While the new legislation would, in fact, remove entities not investigating serious crimes or terrorism from the list of organisations that can obtain warrantless access to metadata, the proposed scheme would allow organisations to request re-admission to the list of agencies with access.
Ludlam said he maintains his support for the country's law-enforcement agencies, and said it is clear that some level of metadata access is essential for the ability of those agencies to successfully carry out their duties.
The question for Ludlam, though, resides in how to design a scheme that balances safety, security, and privacy.
"I don't have a beef with law-enforcement agencies, but it's about where the balance should be struck," he said.
To this end, he reaffirmed his decision to vote the legislation down, along with other cross-benchers, and said that he hopes Labor will do the same -- despite harbouring an idea that the opposition will help it pass.

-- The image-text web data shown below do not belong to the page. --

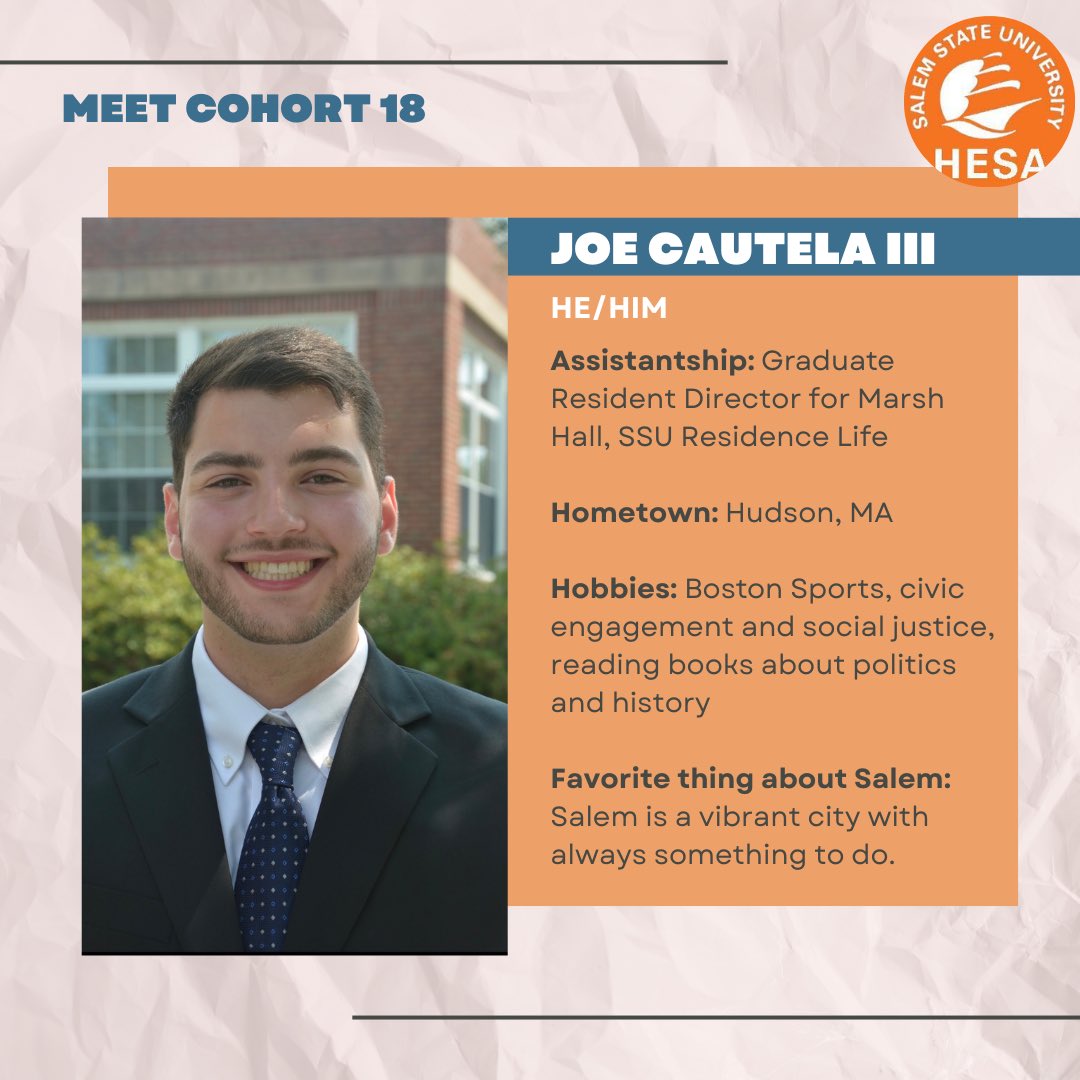 SSU HESA Cohort 18 is so excited to welcome Cohort 19! Over the next few weeks, we will be introducing our current students and sharing about their backgrounds, assistantships/roles, and favorite things about Salem 🍁

This week, meet Erin, Mercy, and Joe from Cohort 18!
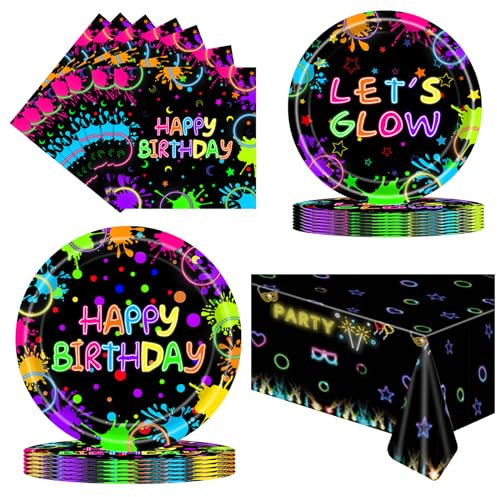 CENLBJ Neon Paper Plates and Napkins Party Supplies,Let Glow Birthday Party Tableware,Include Neon Plates and Napkins,Tablecloths for Neon Party Decorations,Serves 25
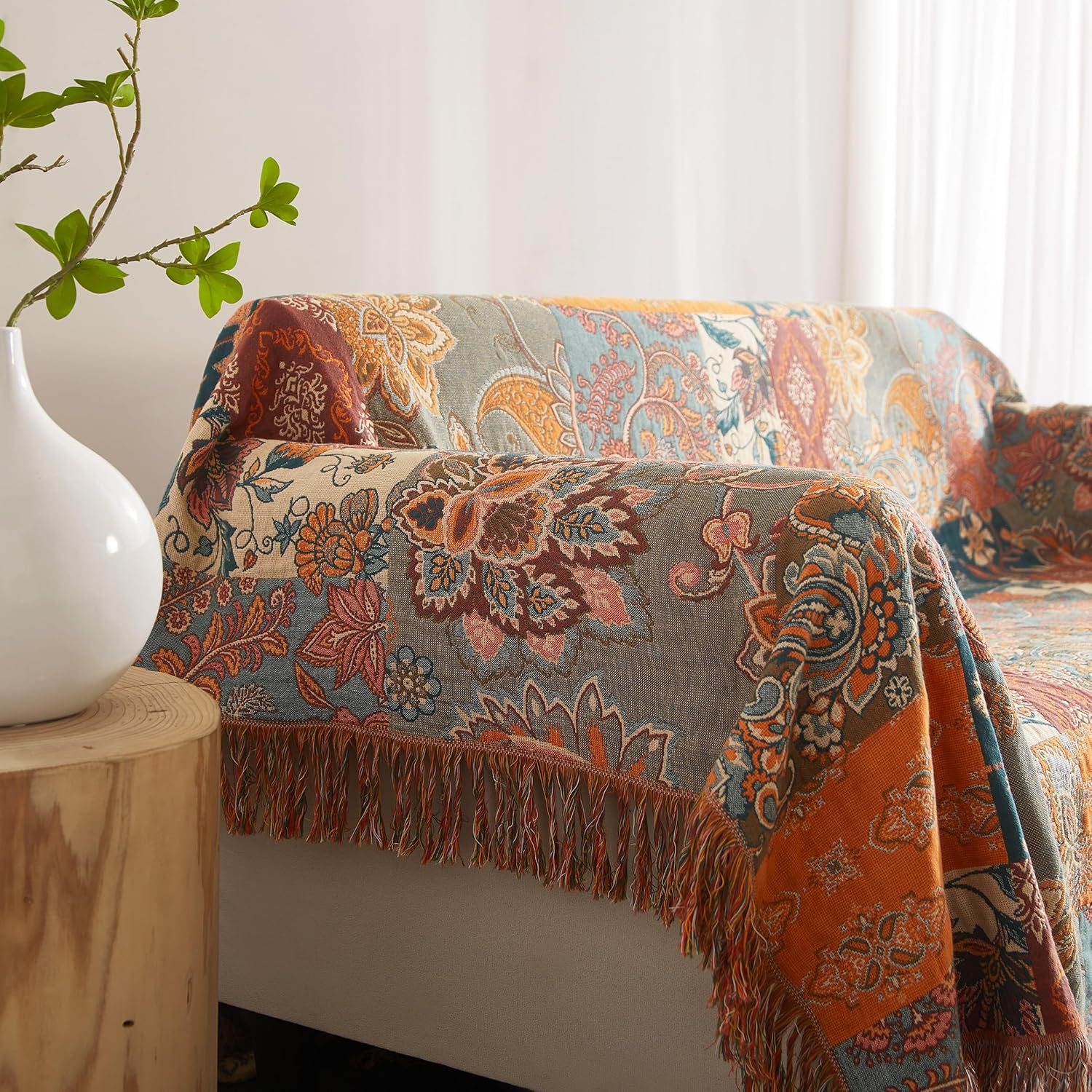 Boho Throw Blanket for Bed 80”x90”, 100% Cotton Woven Blanket for Couch Sofa, Ultra Soft 4-Layer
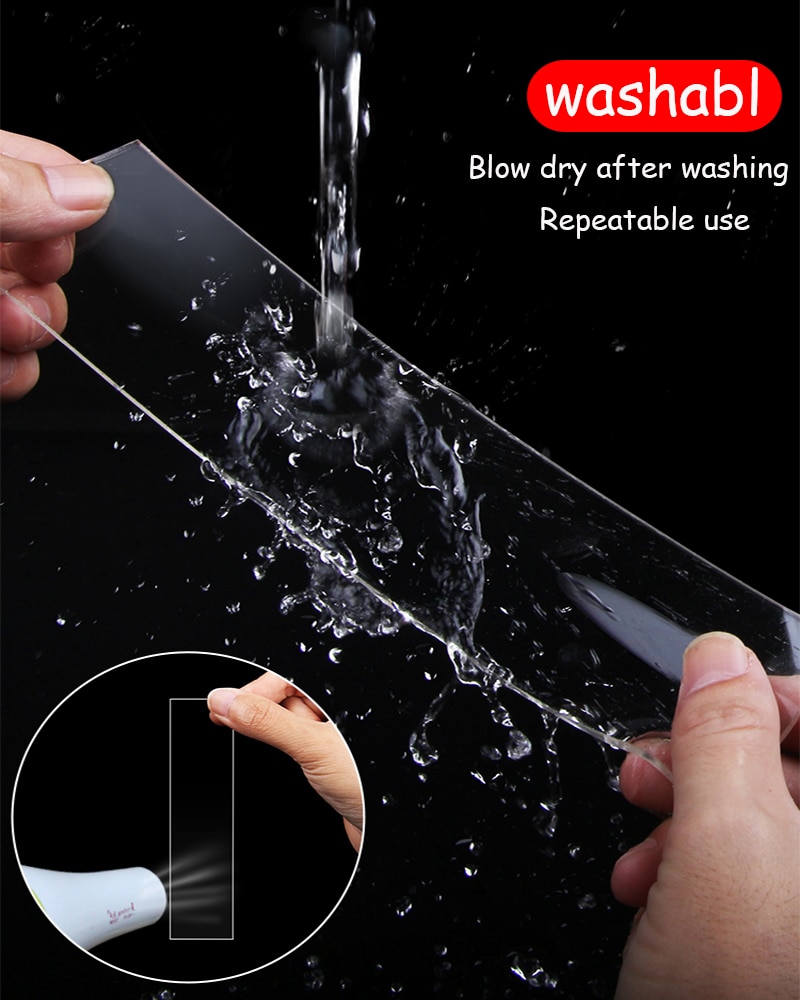 Ruban adhésif double face réutilisable, multifonction, à haute viscosité, pour cuisine et salle de bain, étanche, sans couture, moisissure, 5/3/2/1M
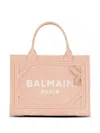 Balmain Small B-army Suede Tote Bag In Pink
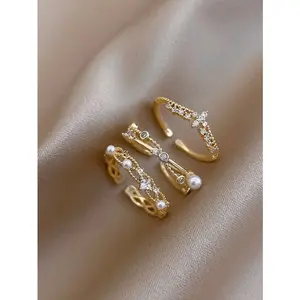 Women's Elegant 3-Piece Copper Geometric Cross-Open Rings Set, Adjustable Size, Fashion Costume Jewelry Accessory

"There's unrest within the Labor ranks on this," he said. "[But] my instinct is they're going to vote for it. We will vote for amendments, or we will write them ourselves, and sometimes you can get them up."
The prime minister has indicated that he wants the legislation to go to the vote next month, with the Parliamentary Joint Committee set to table its report on the proposed legislation on February 27.
"At that point, the Labor party will put some cards on the table," said Ludlam.